If reality is unified, then no perspective has a privileged position or permanence.    Death may be less an ending than a change of focus — rather than experiencing the world as a human living at a certain period in history, my perspective could shift, perhaps mingling with other perspectives or taking on a new manner of experience.   Death may be the equivalent to finishing one book and starting another one — or turning the channel on a TV.

Ones’ perspective on life would alter as well.   One might better know oneself by looking at the world one inhabits.   What kind of reality do I experience, and why is it that I have chosen (or have been drawn to) this type of experience?   What does the world around me say about who I am?   Usually identity is separate from the external world, here it would be integrated.    How we look at luck, coincidence and chance would change completely.   Life would be a maze of interrelated coincidences, full of symbolic meaning.   Rather than seeing the world as a cold harsh stage upon which one lives a short often difficult existence, it would be a rife with opportunities and possibilities that we draw to ourselves in some way.

Success and failure would alter form completely.   Neither would be completely real, and certainly not permanent or all that important in the grand scheme of things.   Even poverty, wealth, exploitation and violence would shift meaning – if there is unity, the “self” experiences everything at some level.   The idea I’m living a comfortable life is just a focus of perspective at this moment.   At a deeper level all experience is shared.

Most people would simply dismiss all this as meaningless speculation.   We have jobs to do, families to raise, and the reality we experience runs by particular rules we have to navigate.   However, I would argue that thinking about reality from a new perspective might actually have some beneficial consequences.

It could certainly mean letting go of a lot of stress and anxiety — just entertaining the thought that the world is not cold and cruel but rather purposeful and full of opportunity alters ones’ mood.    It also could cause one to consider different goals; if this moment of experiencing life through this perspective is only a partial taste of a greater reality, then striving for material success for the sake of material success alone starts to seem pointless.

The mind would shift to looking for clues in relationships and life activities that might hint at how one can enrich ones’ experience at a deeper level.    The world as a whole would be more important; the day to day struggles and dilemmas could seem more trivial.   Fear of death would give way to acceptance of transitions.   Hatred would become irrational, since hatred of the other would be hatred of a part of the self.   Love would be the ultimate truth, in that it would entail the connection between apparent-self and apparent-other.

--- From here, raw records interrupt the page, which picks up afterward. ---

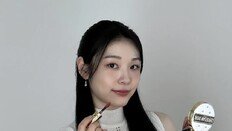 ‘고우림♥’ 김연아, 청순+고혹 그 자체… “여전한 피겨 여왕 미모”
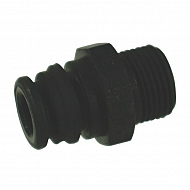 392600 Złączka 20x1,5 do pompy  Annovi Reverberi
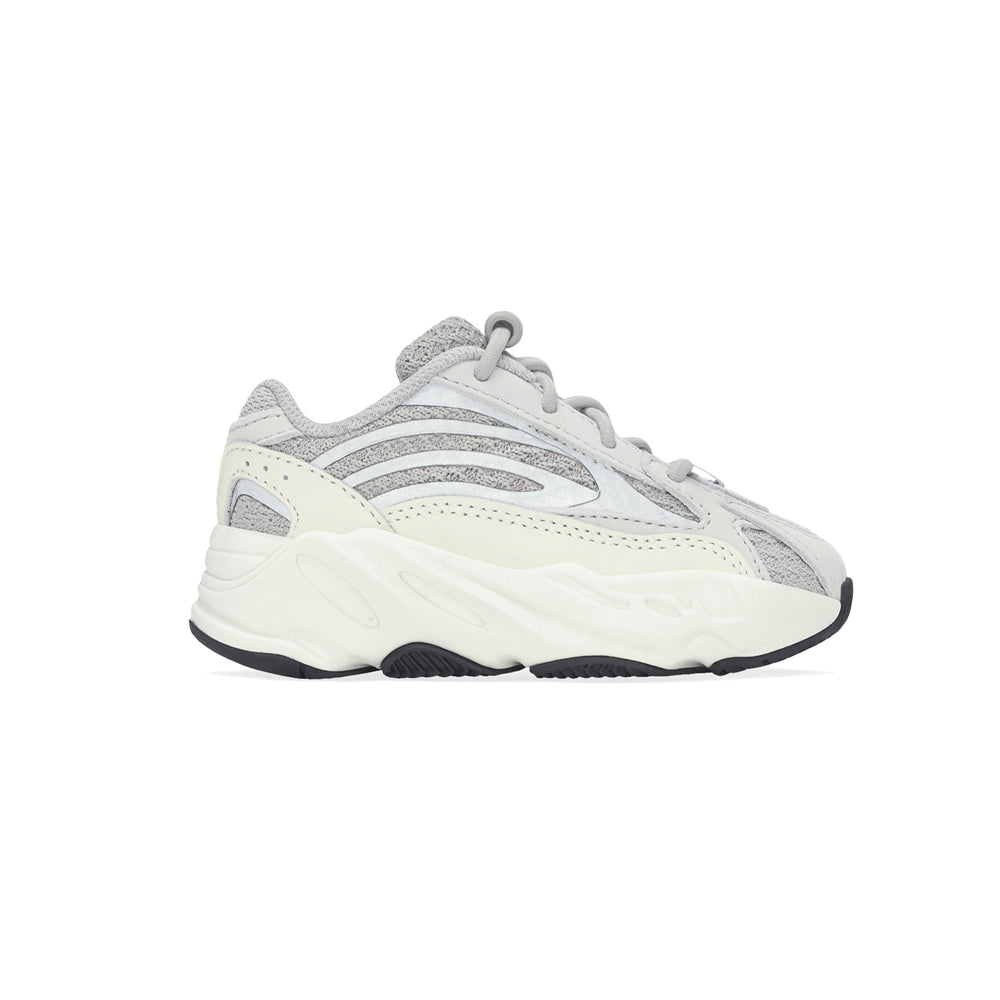 Adidas Yeezy Boost 700 V2 Slip On Sneakers (Infant)、mySite、gtrtttuynbv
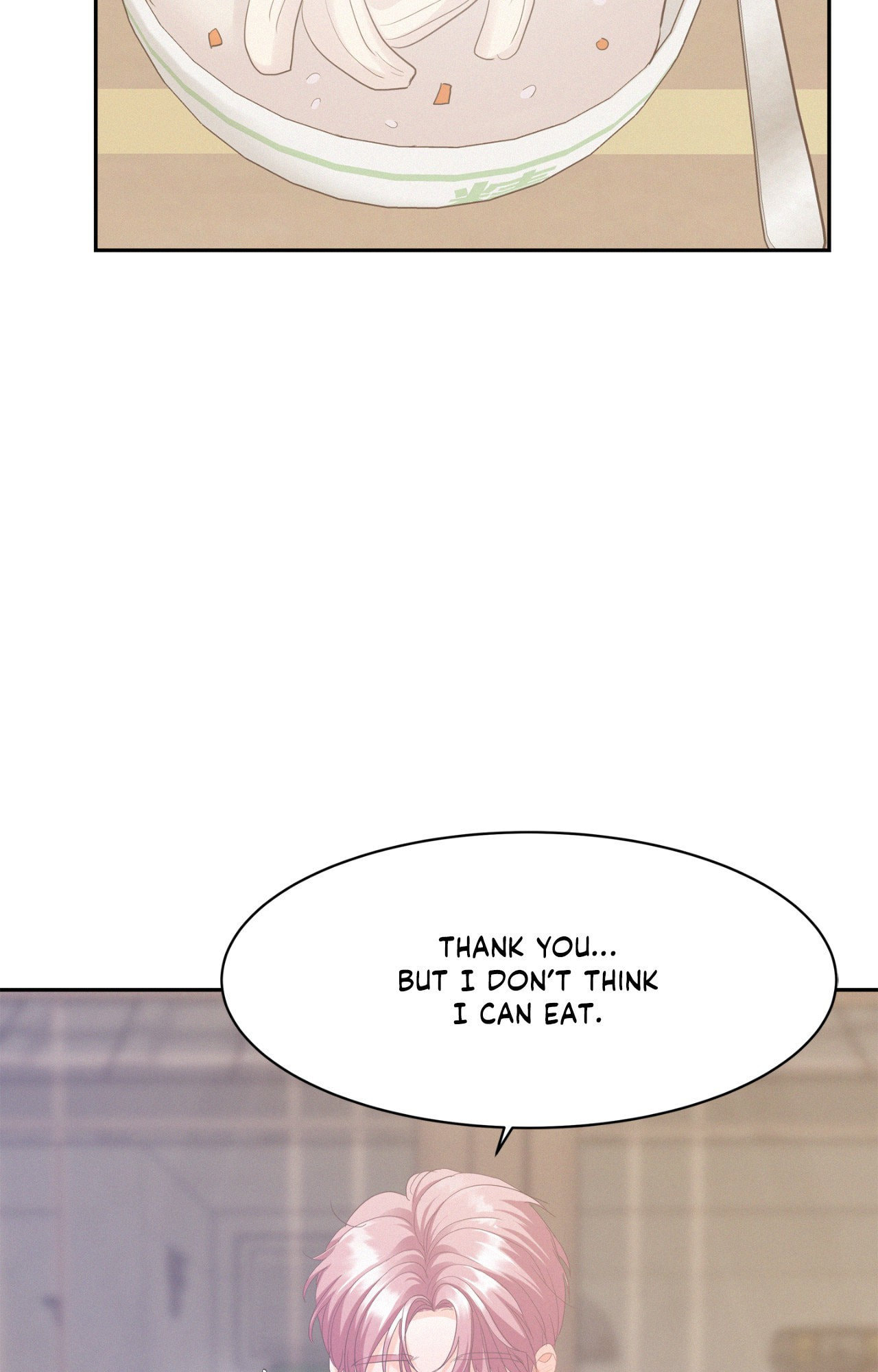 Read Onward chapter 100.3 image 26 on Lezhin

Human history contains many versions of reality that seemed absolutely natural to those living within them.  Slavery, the superiority of one gender over another, sacrifices to Gods, tribal customs, religious faith, and secular rationalism are all ways humans have conceptualized and thus interpreted reality and experience.    The idea that what seems natural at this point in time is based on a misunderstanding of reality certainly is feasible.

If we are willing to try out different ways of conceiving experience and reality we can avoid being trapped into the mode of thinking dominant in our particular culture.    To me, that’s liberating, and gives me some power over how I choose to interpret my experience.   Rather than accepting a world view created by otherse, I can use reason and reflection — the heart and the head — to determine what I believe to be true, and choose how I want to live my life.   That is real freedom.